Мы не могли не коснуться политики. Сергей не принимал ни левых, ни правых; в «межвременье» он увидел свой шанс свободно действовать и мыслить, утверждать не завтра, а сегодня свои моральные и эстетические идеалы, светить свою «свечу на ветру». Будучи ещё бóльшим романтиком, чем мой собеседник, я склонялась к мысли о том, что путем эволюции, постепенного реформирования общества, а не путем разрушения, взрыва, путча, запрета можно было достичь более приемлемого результата, чем тот, к чему мы пришли теперь, – без катастрофического откатывания назад, в средневековье. В конце концов, мы сошлись на том, что всё-таки есть надежда; гуманистические традиции в славянском мире достаточно прочны; возможно, это последний островок гуманной человеческой культуры, который мы должны защищать от современного варварского прагматизма, от западного глобализма, американизма. Надеждой были проникнуты и чудесные лирические стихотворения Ларисы – о природе, о красоте жизни – которые она вдохновенно читала в тот вечер. Сергей слушал внимательно, с одобрительной улыбкой.

Разошлись поздно вечером. А ночью разразилась гроза. Со стороны озера, где поселилась я, был слышен только грохот моря; а с противоположной стороны, как рассказал Сергей, открылась захватывающая картина: молнии, раскалывающие небо, отражались в воде, и казалось, что они поднимаются в небеса со дна моря.

Утро следующего дня было дождливым. Бураго уехали в Севастополь. Поездка оказалась не очень удачной. Музеи, которые они надеялись посетить, не работали. Море после дождя разбушевалось; волна достигала трех-четырех баллов.

Непогода на несколько дней привязала нас к пансионату, зато подарила возможность засесть за книги. Сергей дал мне почитать последний (1997 г.) номер журнала «Collegium». Листая его страницы, я лишний раз убедилась в том, что “воспламенённость” души его редактора отражается и на содержании журнала; не было ни одного дежурного материала – всё интересно, всё брало за живое.

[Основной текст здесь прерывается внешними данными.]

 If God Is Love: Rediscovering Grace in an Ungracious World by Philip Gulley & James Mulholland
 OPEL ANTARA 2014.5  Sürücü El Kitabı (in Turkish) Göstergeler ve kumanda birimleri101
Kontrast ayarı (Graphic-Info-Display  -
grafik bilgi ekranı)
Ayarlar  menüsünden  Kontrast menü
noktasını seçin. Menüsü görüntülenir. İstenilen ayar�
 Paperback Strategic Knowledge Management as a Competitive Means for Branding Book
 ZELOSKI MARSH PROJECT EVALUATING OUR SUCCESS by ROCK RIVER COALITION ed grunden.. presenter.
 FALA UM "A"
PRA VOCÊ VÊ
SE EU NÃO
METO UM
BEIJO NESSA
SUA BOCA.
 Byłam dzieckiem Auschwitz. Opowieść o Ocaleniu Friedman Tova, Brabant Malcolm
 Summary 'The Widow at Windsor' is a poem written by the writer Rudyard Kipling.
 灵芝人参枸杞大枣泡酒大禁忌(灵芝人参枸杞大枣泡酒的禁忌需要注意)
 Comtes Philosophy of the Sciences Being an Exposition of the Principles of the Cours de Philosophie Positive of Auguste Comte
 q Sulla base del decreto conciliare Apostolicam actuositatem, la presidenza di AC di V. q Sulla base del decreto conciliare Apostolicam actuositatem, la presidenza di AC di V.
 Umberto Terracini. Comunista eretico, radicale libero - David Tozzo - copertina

Пожалуй, только поэзия, за редким исключением, была слишком гладкой, слишком литературной – ну, да это «гандж» многих русских журналов на Украине; отсутствие естественной среды порождает неестественность тона. Целый вечер посвятила чтению статьи самого Сергея Бураго «Страница русской жизни (Александр Блок и Леонид Семёнов)», статьи замечательной глубоким знанием судеб русской интеллигенции (Леонид Семёнов-Тян-Шанский) эпохи начала ХХ века. Невольно хотелось сопоставить социальные и нравственные искания «правдолюбов» того и нынешнего времени: путь от символизма к социал-демократии, и дальше – к толстовству, уход в народ. Сегодня такой исход совершенно невозможен.

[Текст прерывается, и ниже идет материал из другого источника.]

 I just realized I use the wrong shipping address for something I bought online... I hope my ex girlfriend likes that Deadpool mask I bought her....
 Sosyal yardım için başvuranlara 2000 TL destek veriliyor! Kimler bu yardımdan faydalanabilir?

В целом Сергей Бураго сделал немало для развития блоковедения на Украине. Речь идёт не только о его кандидатский диссертации, но и о том, что почти в каждый номер «Collegium’а» он старался поместить материалы о Блоке, привлечь   к журналу людей, занимающихся творчеством А. Блока. В последний номер вошла целая серия таких материалов, в том числе статьи Л. Долгополова о поэме «Двенадцать», Д. Магомедовой «Блок и гностики», И. Искрижицкой «Категория памяти в литературе русского символизма». Отдельный раздел составили статьи по истории искусства (о Богомазове, Кандинском). Особую привлекательность придавал журналу мемуарный жанр; мне показались замечательно интересными воспоминания С. Прахова о встречах с Горьким, о его жизни на Капри.

Предметом спора стала большая статья акад. Д. Затонского, «Finita la ideologia, или Постмодернизм как зеркало рухнувшей суперсистемы», которая открывала журнал и, следовательно, имела программный характер. Сергей с благоговением относился к этому действительно выдающемуся учёному и не воспринимал моих критических реплик по поводу отдельных положений его работы. Так, в конце упомянутой статьи бегло говорилось об украинском постмодернизме (со ссылкой  на Ю. Андруховича и А. Ирванца), в котором учёный увидел новое неидеологизированное искусство, что, по моему мнению, совершенно не соответствовало действительности. В то же время я соглашалась с Сергеем, что статья будит мысль и уже тем интересна.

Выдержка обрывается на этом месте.